**Exercise instructions**
Print the lines that run from the line with "More details for" to the line with "Exterior - 108", keeping both end lines, exactly as they appear in the entries below, and nothing else.

**Data listing**
----
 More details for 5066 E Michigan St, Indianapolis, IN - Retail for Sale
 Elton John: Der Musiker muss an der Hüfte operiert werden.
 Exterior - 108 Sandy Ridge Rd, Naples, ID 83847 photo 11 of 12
----
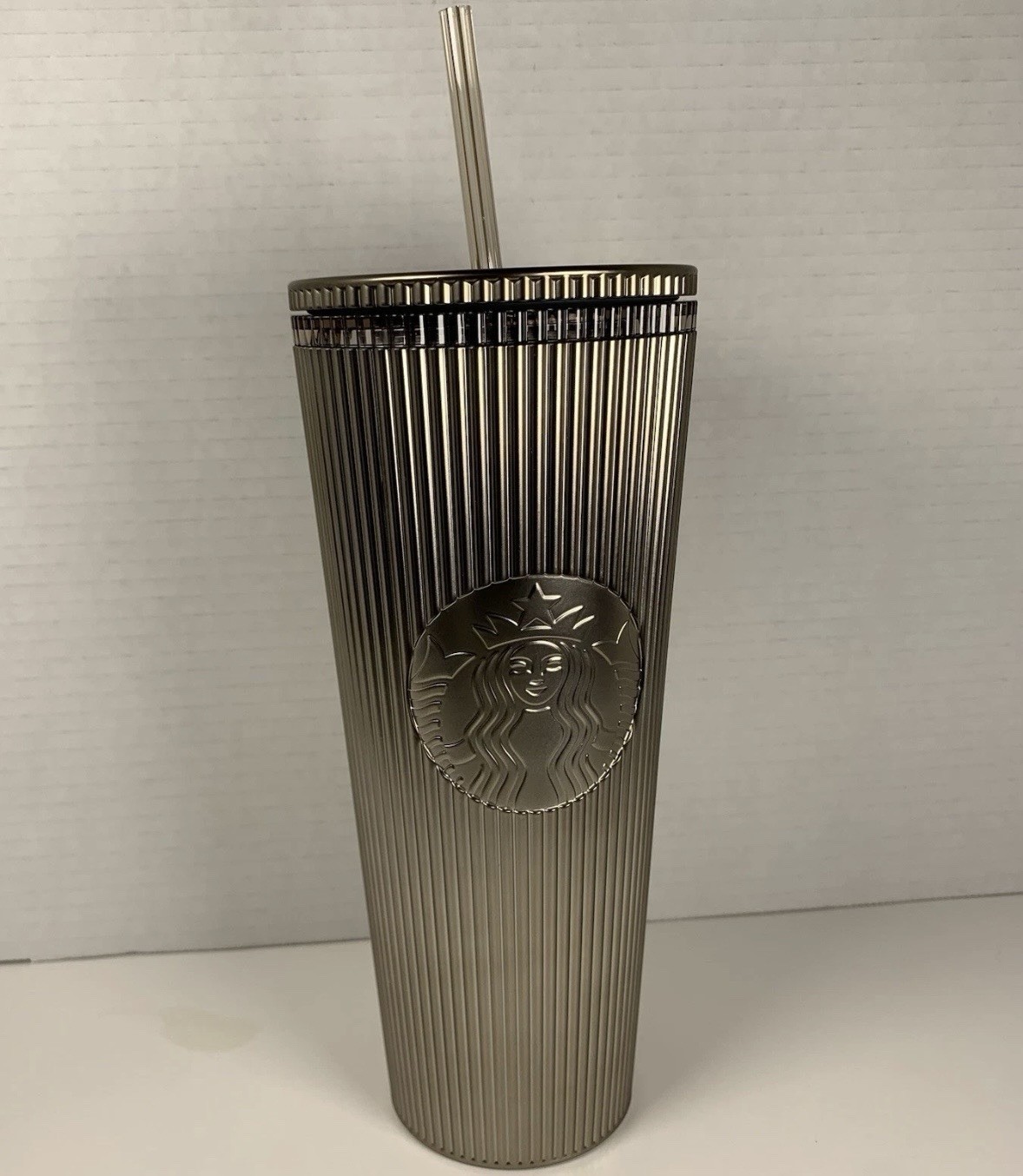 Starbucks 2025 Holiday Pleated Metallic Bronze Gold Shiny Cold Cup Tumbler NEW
----
**Written response**
 More details for 5066 E Michigan St, Indianapolis, IN - Retail for Sale
 Elton John: Der Musiker muss an der Hüfte operiert werden.
 Exterior - 108 Sandy Ridge Rd, Naples, ID 83847 photo 11 of 12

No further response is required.